On an island of haves and have-nots, teen John B enlists his three best friends to hunt for a legendary treasure linked to his father’s disappearance.
Format: 10 episodes streaming on Netflix simultaneously.
Cast: Chase Stokes, Madelyn Cline, Madison Bailey, Jonathan Daviss, Rudy Pankow, Charles Esten, Austin North, Drew Starkey, Adina Porter, Caroline Arapoglou, Nicholas Cirillo
Directors: Jonas Pate (1-2, 5-6, 9-10), Cherie Nowlan (3-4), Valerie Weiss (7-8)
Writers: Josh Pate (Created by, 1, 3, 5, 10), Jonas Pate (Created by, 4), Shannon Burke (Created by, 1-2, 5, 10), Keith Josef Adkins (6), Kathleen Hale (6-7), Rachel Sydney Alter (8), Dan Dworkin (9), Jay Beattie (9)
The teen drama genre has seen an influx in the last few years with Netflix, The CW and others seemingly pumping them out. It takes something unique to make a new series standout and Outer Banks certainly does: the promise of lost treasure.
Set on the Outer Banks of North Carolina, the series revolves around John B (Chase Stokes) and his friends JJ (Rudy Pankow), Pope (Jonathan Daviss) and Kiara (Madison Bailey), who refer to themselves as “The Pogues”. In the wake of a hurricane, which cuts power to their town, the Pogues stumble across the first clues towards a shipwreck treasure and the truth behind John B’s father’s disappearance.
The show, like many of this genre, has a focus on the class difference and the recurring idea of the rich getting richer and holding down the less fortunate. The Pogues are from working-class families of the Outer Banks (with the exception of Kiara) while “The Kooks” are a term given for the rich people who live there, usual wearing cardigans, boat shoes and frequenting the country club. In the wake of the hurricane, the divide between the two classes is even broader with the Kooks able to afford generators to keep the lights on, although that idea is not really a focus of the show.
Outer Banks is filled with the type of tropes and characters you would expect from a teen drama. John B is the charismatic, smart leader of the group, Pope is the future-focused, nerdy black kid, Kiara is the kid from a well-off family while JJ is the impulsive kid from a violent, troubled home. Add on top of that the Kook characters like Ward Cameron (Charles Esten), a Pogue-turned-Kook who is now a wealthy property developer who John B does some work for. His daughter, Sarah (Madelyn Cline), is John B’s main love interest despite him being from the wrong side of the tracks and having a boyfriend in Topper (Austin North) who is extremely possessive and jealous. Her brother Rafe (Drew Starkey) is the stereotypical entitled, selfish rich kid who falls into the drug scene, selling cocaine at his Kook parties for kicks.
The characters are not the most fleshed out we’ve seen before, with only really John B, JJ and Ward given any meaningful character development and focus. Topper and Rafe serve almost no purpose but to be hated and be a constant thorn in the side of the Pogues. It’s surprising how few female characters there are and how little they are given to do, especially given the type of genre it is.
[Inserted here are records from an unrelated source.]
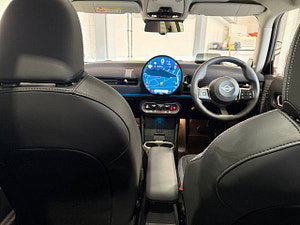 MINI Cooper thumbnail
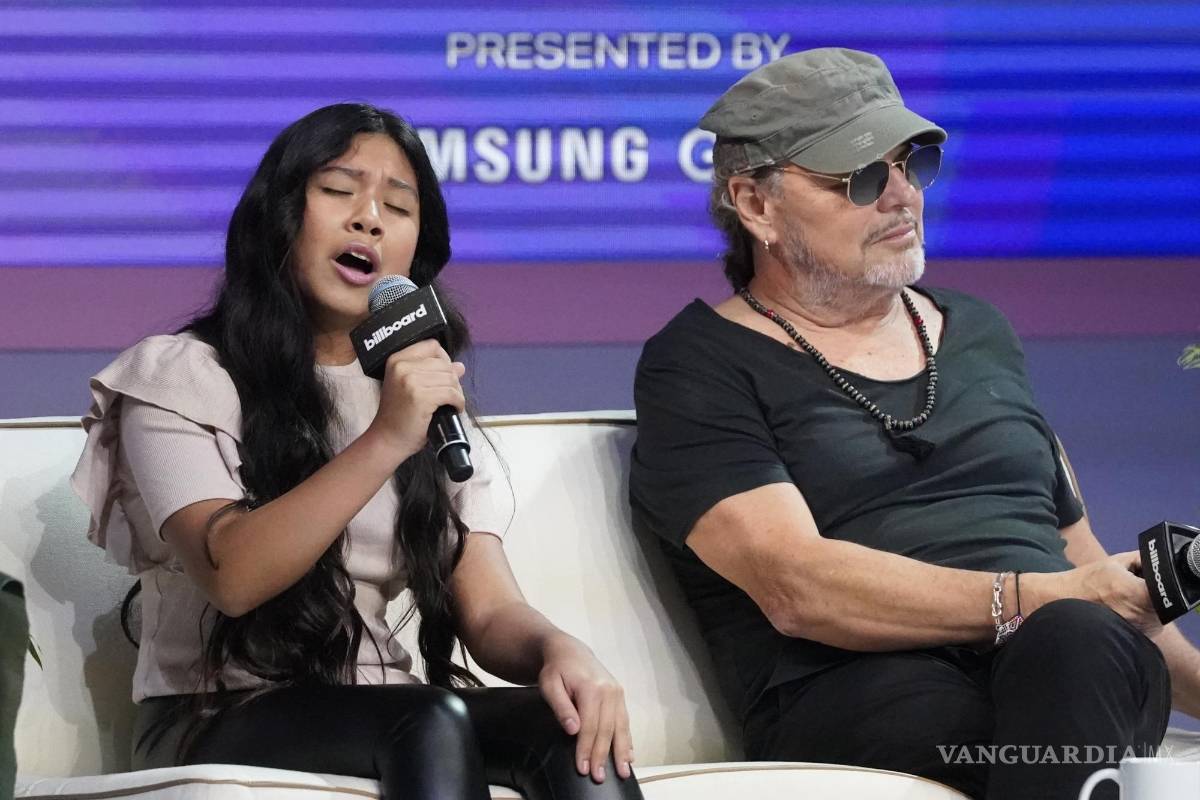 Maná relanza “El reloj cucú” con joven artista mexicana de 12 años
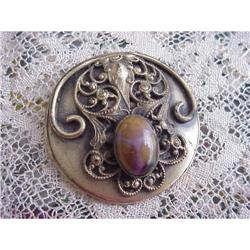 ARTS & CRAFTS 2 inch BUTTON Frame It #992554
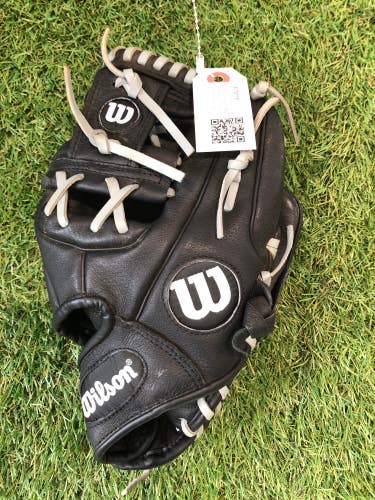 Used Kid Pitch (9YO-13YO) Wilson A450 Right Hand Throw Infield Baseball Glove 10.75"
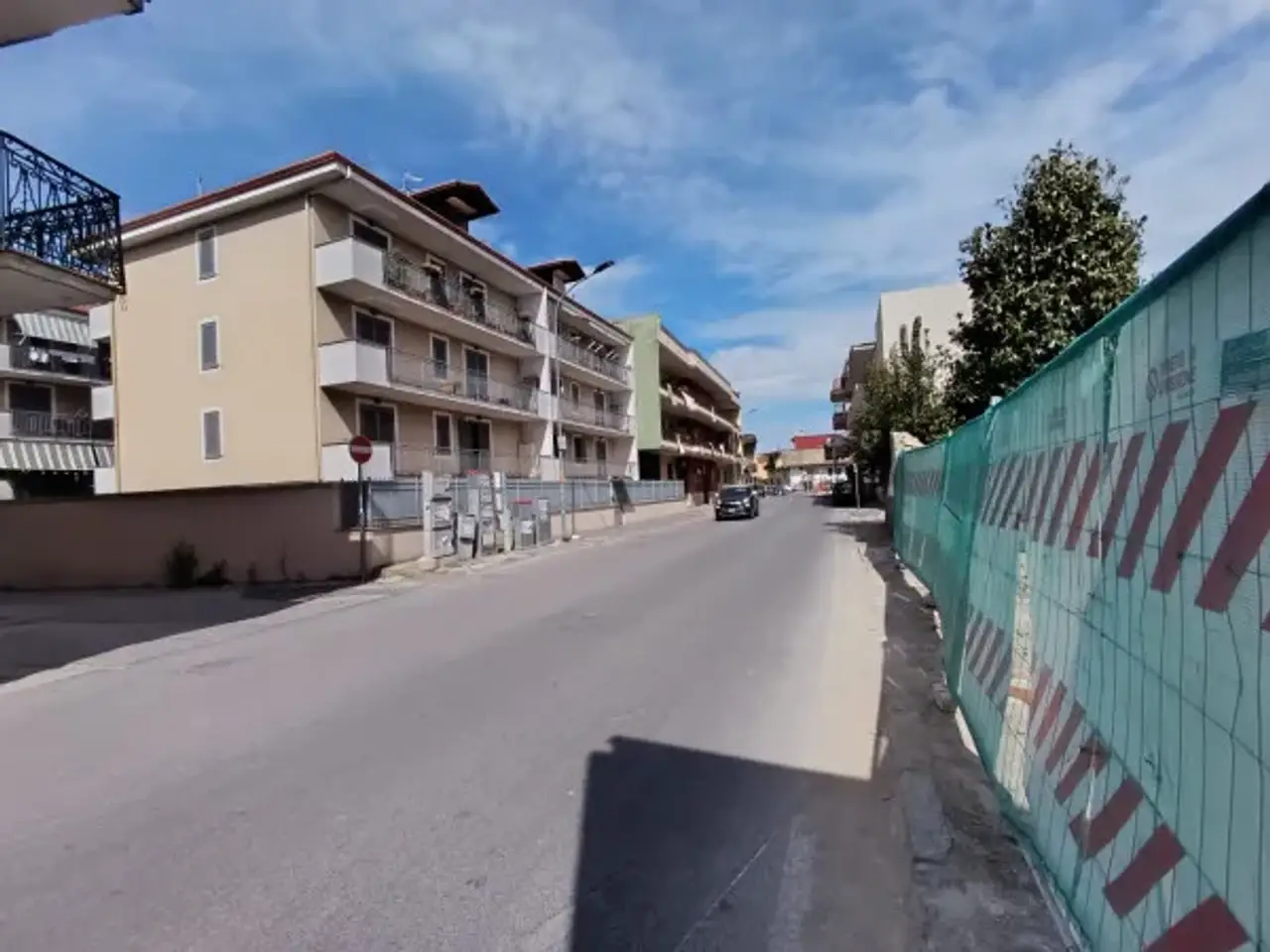 Negozio in Via Innamorati, Giugliano In Campania, {3} - Foto 1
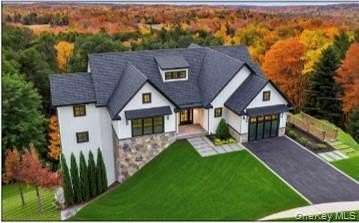 0.33 Acres of Residential Land for Sale in Flower Hill, New York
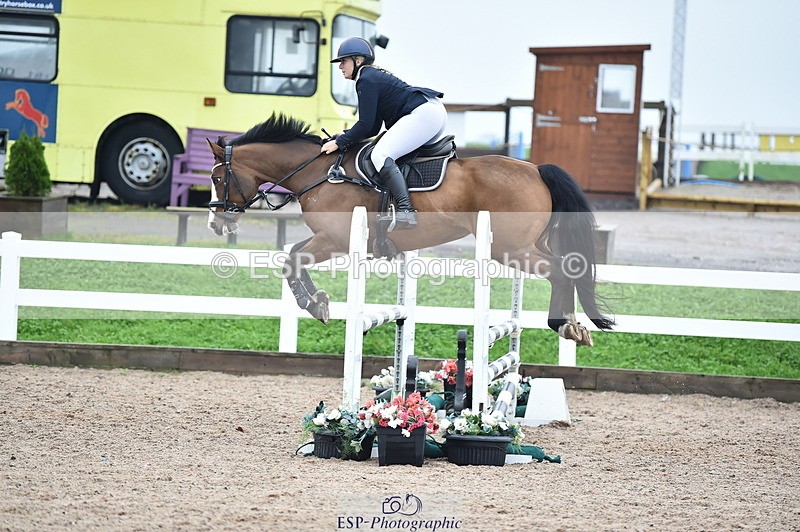 231013A-094004-00823 - Cls 6 British Novice & 90cm Open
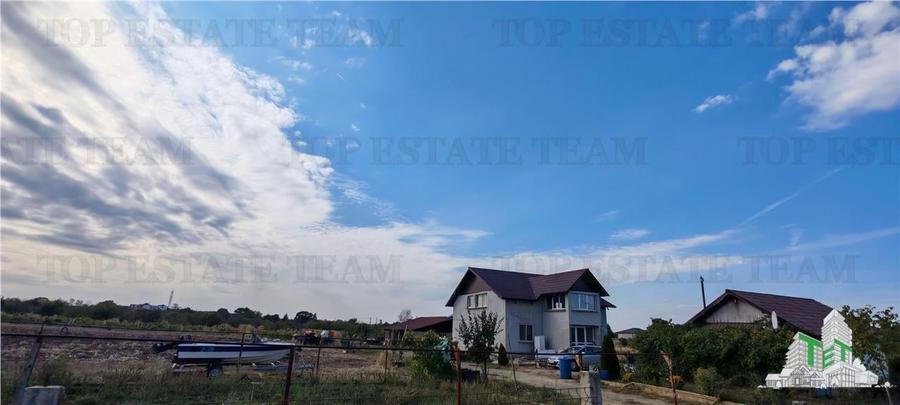 Ferma 3,3ha, din care 2,5ha intravilan, vila 7 camere, D+P+E+M, casa pentru munc - 1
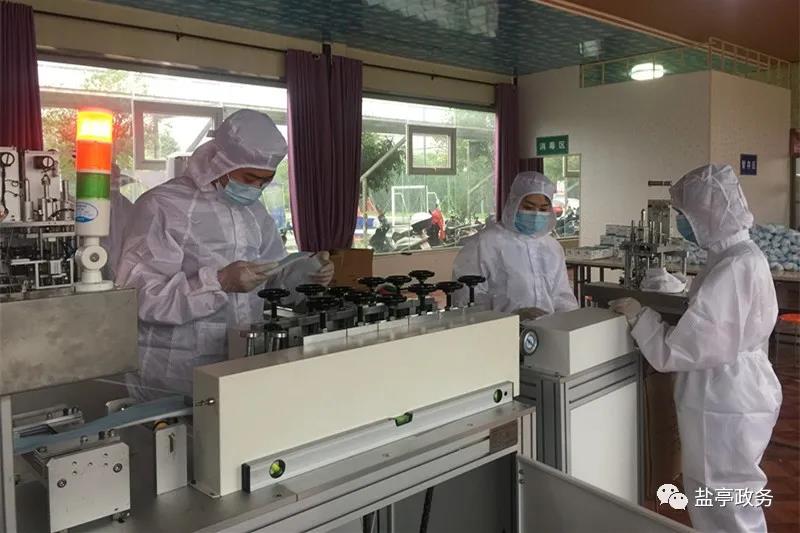 绵阳盐亭县首家口罩厂建成投产，日产量30万只！厉害了！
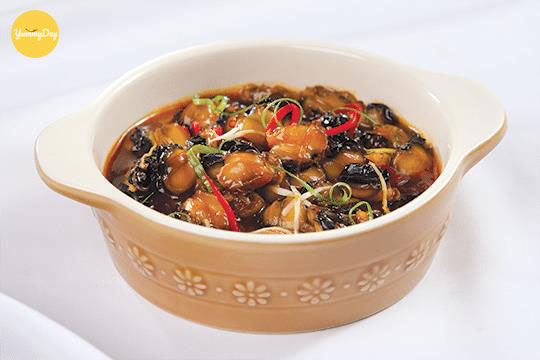 Thành phẩm món ốc bươu kho sả ớt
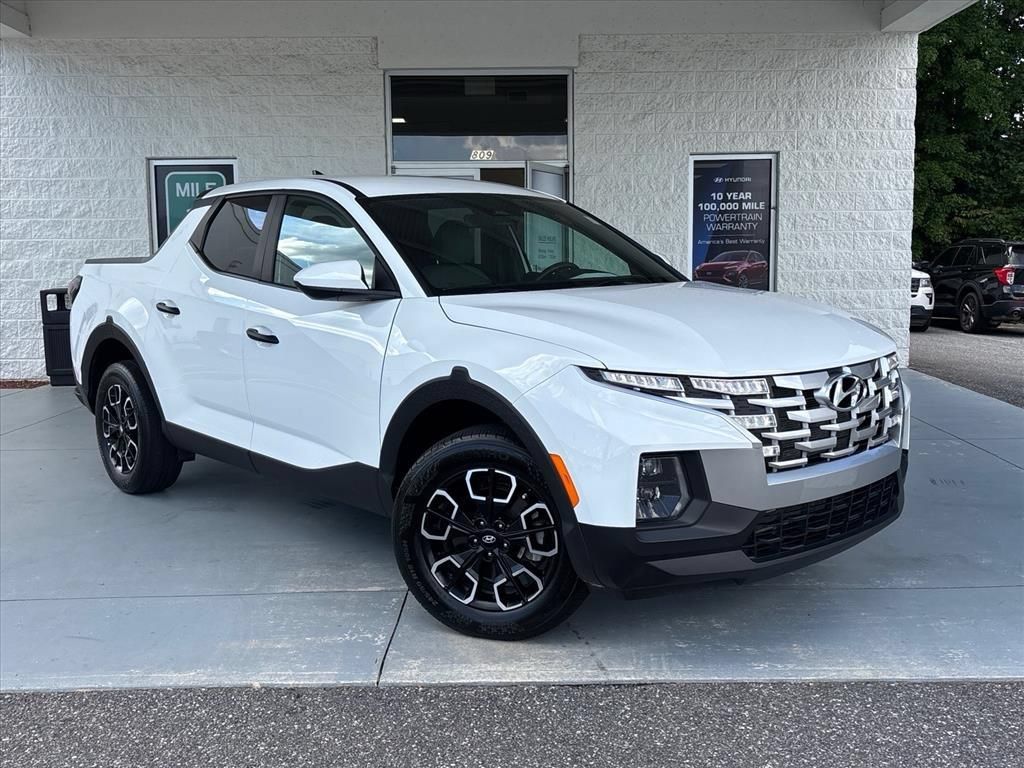 Used 2024 Hyundai Santa Cruz SE FWD image 1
The show’s treasure hunting storyline and unique setting make the series stand out from other shows like it. With treasure up for grabs, there are of course some shady also after that same payday, leading to firefights, fistfights and chases. The water-adjacent setting leads to a lot of boat-related misadventures and action set pieces. The action is generally shot well but there are two chase sequences that are shot handheld that are difficult to watch. They feel more like they loosely tied a GoPro to someone’s chest and told them to chase the characters as well, so shaky was the footage. I could feel myself get a bit queasy watching it but it is only done those two times and early in the series mercifully.